"Languages can force developers to think about applying logic over their data (and thus help with parallelism as a mindset), but they will never solve the problem of automated parallelism without the VM to tune it in the background."
Unfortunately, the evidence that anything at all can save us with automated parallelism, with or without VM assistance, isn't very good. Studies on using it on real code written without thought on parallelism always discover that "normal" code simply isn't parallelizable even in theory beyond single-digit factors.
Studies on using it on real code written without thought on parallelism always discover that "normal" code simply isn't parallelizable even in theory beyond single-digit factors.
If you assume "normal code" is traditional imperative code with destructive state update, that is probably correct (although I'd be curious to see which studies you're referring to). But there are important examples of domain-specific languages that are relatively simple to automatically parallelize. For example, mere mortals can easily write SQL that can be efficiently executed on thousands of machines (given a sufficiently large data set, of course) -- the database system takes care of data partitioning, replication, and fault tolerance automatically.

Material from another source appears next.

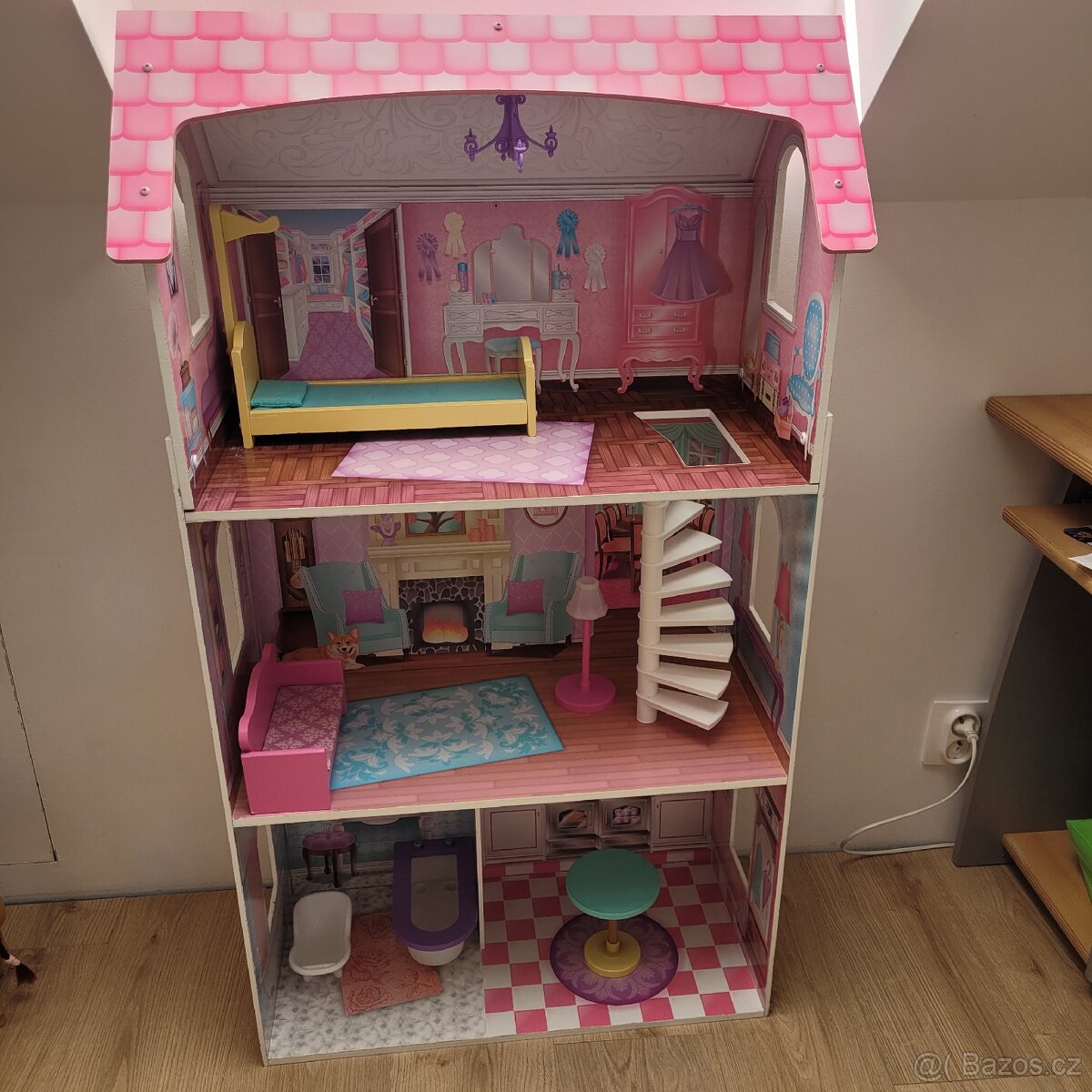 Domeček pro panenky (Barbie)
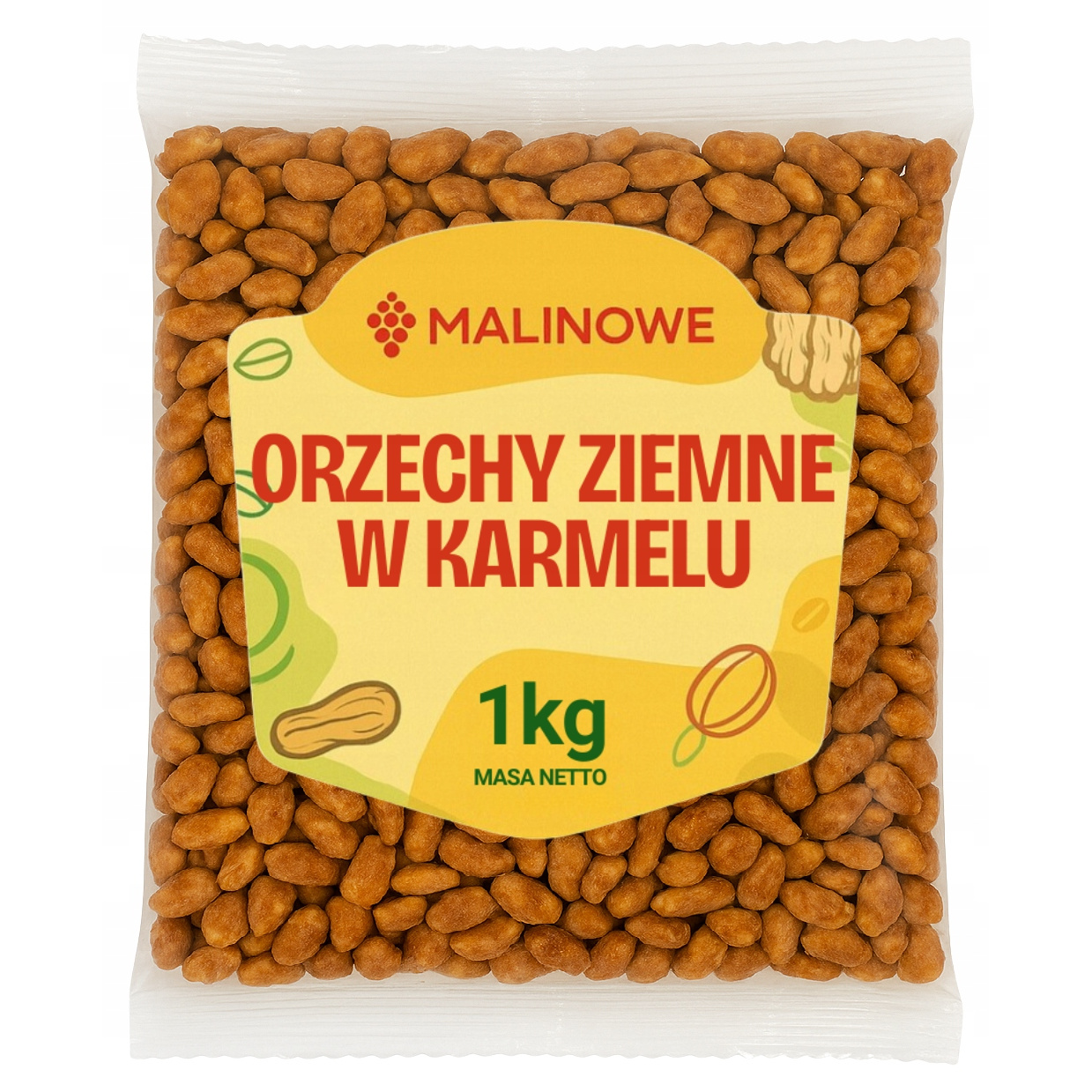 In Caramel 1kg Premium Caramel Excellent Quality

I've seen them on functional programming languages, too.
If you switch programming languages, in the context of this argument you've "already lost". The point of automatic parallelization is basically to give us speedups without having to radically change how we program. Changing languages, using lots of mini-DSLs, etc. all count as radical change as much as having to manually parallelize.
Personally I absolutely agree that the only way this is going to work is with new languages that make it easier, but at the same time it's never going to be fully automatic... and those new languages aren't going to look much like C(#/++/). Haskell is closer and even that probably isn't different enough.
Let's assume a sufficiently smart compiler can parallelize 90% of our hot code. Now considering Amdahl's Law, we cannot achieve a speedup greater than 10 and are therefore stuck. Adding 10 or more cores won't do any good to our running time, because it is dominated by the sequential code.
I have a hunch that the trick to writing the sufficiently smart compiler of legend is in deriving nondeterministic parallel cousins to sequential algorithms. In simple terms, if you could quickly compute potential solutions and verify them, then you could get a speedup in the average case. I doubt NC=P (that no problem is inherently sequential), but we could perhaps tackle many real-world problems with this line of thinking.
Most people have 64bit GHz CPU's, even if you just use one core that's lot of processing power. So, I don't think most code needs to be parallel until either multiple users, AI, or large data sets show up. And better yet, those are generally the three easiest cases to do multi-threaded code.
That said, there is a lot of slow and terrible code out there but dumping processing power on a terrible algorithm is rarely the best solution.
Unfortunately, the evidence that anything at all can save us with automated parallelism, with or without VM assistance, isn't very good. Studies on using it on real code written without thought on parallelism always discover that "normal" code simply isn't parallelizable even in theory beyond single-digit factors.
There Is No Escape.